D. B. Hayden, D. N. Ruzic
Fusion Science and Technology | Volume 31 | Number 2 | March 1997 | Pages 128-134
Technical Paper | Divertor System | doi.org/10.13182/FST97-A30815
Articles are hosted by Taylor and Francis Online.
The Monte Carlo code DEGAS was used to investigate the neutral atom and molecular interactions for a high-pressure (∼1-Torr) gaseous divertor in the International Thermonuclear Experimental Reactor (ITER). Energy is removed from the plasma by radiation while the plasma pressure is balanced predominantly by a high neutral pressure at the end of the divertor. Plasma parameters were taken from the two-dimensional fluid code PLANET. Neutral sources from both ions recycling off the walls and recombination were included. The neutral density peak calculated with DEGAS of 3.43 ± 0.01 × 1022 m−3 occurred 4.5 cm from the divertor channel end. The ion and neutral atom energy fluxes were calculated to determine the heat load onto the divertor walls. A code was written to calculate the radiation distribution onto the side walls, not including any radiative absorption or reemission.
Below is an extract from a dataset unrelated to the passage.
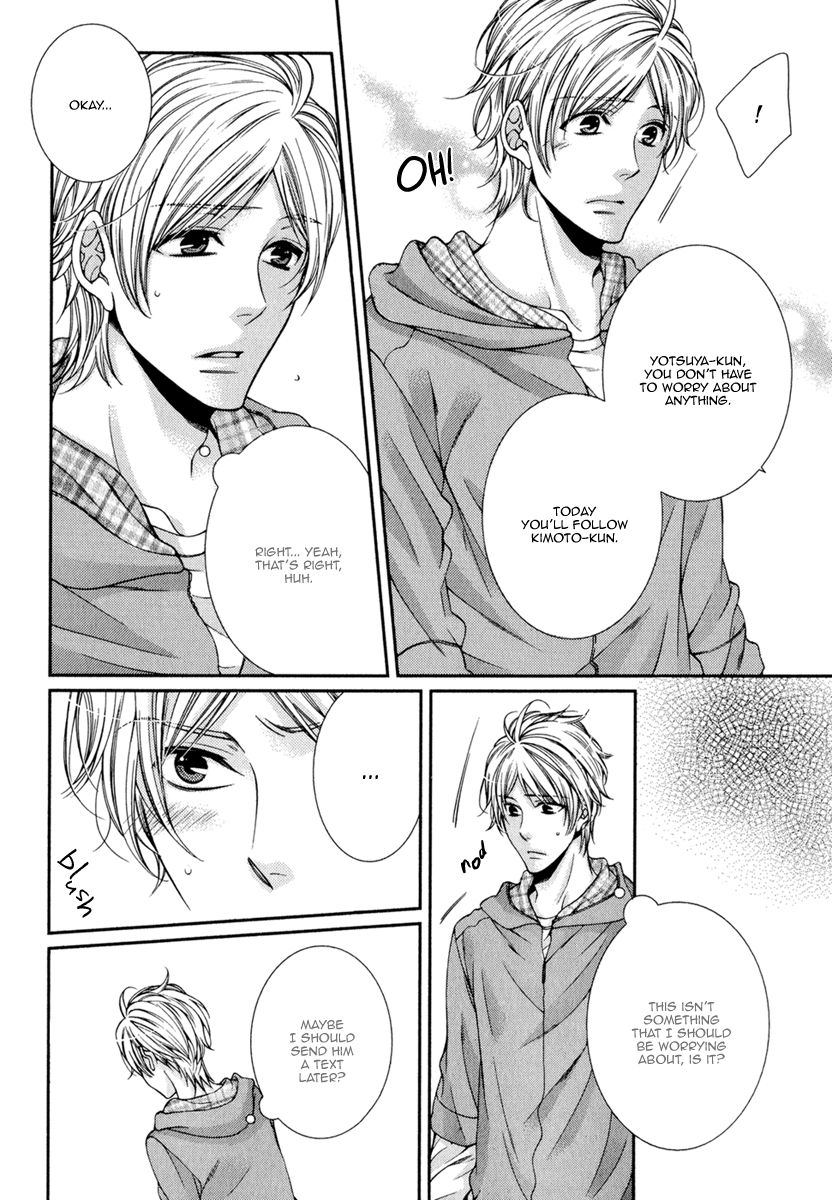 Renai Paradox by TENNOUJI Mio – Ch. 9-10 [Eng] page 6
The total energy flux peak (including ions, neutrals, and radiation) was 4.28 ± 0.30 MW/m2. This falls below the design criteria of 5 MW/m2. These results may help determine the wall material, heat removal, and the vacuum pumping requirements for the ITER divertor design and show the importance of a full treatment of neutral atoms and molecules in these regimes.